I set my Legacy all the way back when it's real deep & a little when it's not so deep.

I'd set it back one hole. I don't think you'll even notice the difference?
Then set it back to where you did have it, before you moved it back & I guarantee you'll notice it.

If you don't find it all squirrely
Keep moving it back, it helps, you'll see.


TT


----------



## surfinsnow (Feb 4, 2010)

timmytard said:


> Do none of you guys carry little mini ratchet drivers or what?:icon_scratch:
> 
> Cause once you leave your house, you know, you can't change the stance till you get home!
> 
> ...


You do realize the thread was started by a guy who has never ridden real powder, and is a realative noob, right? No dis on him, just sayin'...it's great that you bring three complete set-ups everywhere you go.
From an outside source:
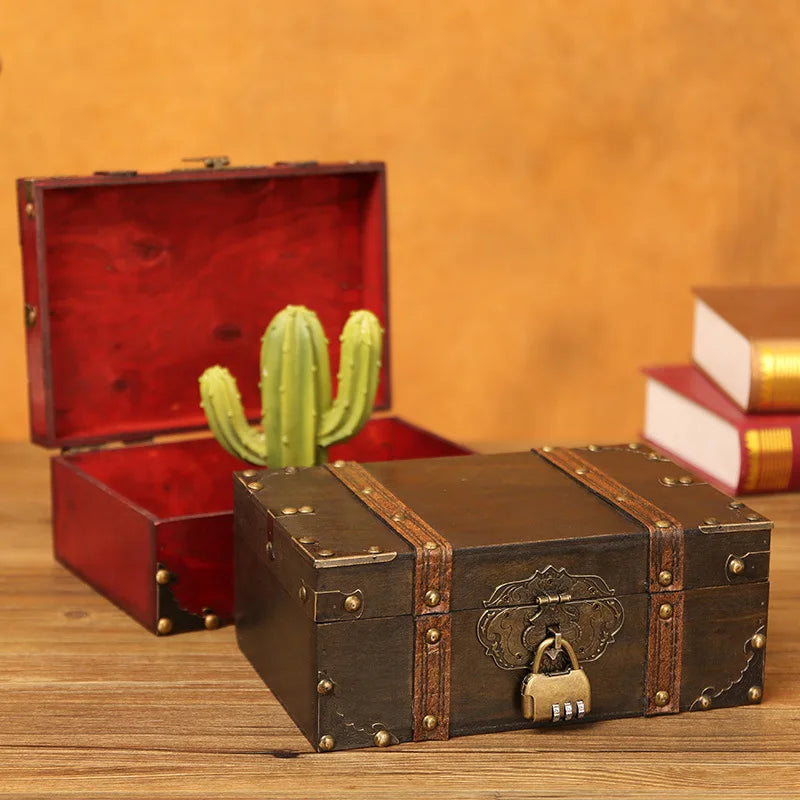 Vintage Wood Jewelry Storage Box with Lock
But it's unrealistic for most people, especially the OP. 

I bring a complete set of tools with me at all times...my skier friends. :yahoo:

Seriously, I do bring all the necessary tools with me, and if the conditions call for changing the bindings I can do that. I always bring my old K2 bindings and an extra set of boots. But the fact is, when I get to the mountain I want to get on the lift and ride. If I know I'm going into to deep pow I can change the settings the night before. Who the f**k wants to be standing at the base lodge changing out bindings when you could be riding? Certainly not the OP who was just looking for some advice...he doesn't sound like the type who'll be standing at the repair station in -20 wind chills re-adjusting his bindings.


----------



## timmytard (Mar 19, 2009)

On a side note.

I have 6 or 7 POWDER specific snowboards.:bowdown:

Cause out of all the days, I want to have the most fun possible, on real deep powder days.:thumbsup:

You'll have a day you'll probably never forget riding your Legacy:yahoo:

Or

You could have a day that will change your life, then you'll have seen the light:yahoo::eusa_clap::bowdown:


TT

OH YA!

GET THERE WAY WAY WAY TOO EARLY
You'll be surprised how many people still beat you there.


----------



## CassMT (Mar 14, 2013)

out of curiosity i had to check the stowe report...17-20" and -7*F, thats gonna be some blower, hope op had some blue wax too. i was at stowe first season out of the nest, winter '88/89, we never got a dump like that! maybe 12 max.


----------



## surfinsnow (Feb 4, 2010)

CassMT said:


> out of curiosity i had to check the stowe report...17-20" and -7*F, thats gonna be some blower, hope op had some blue wax too. i was at stowe first season out of the nest, winter '88/89, we never got a dump like that! maybe 12 max.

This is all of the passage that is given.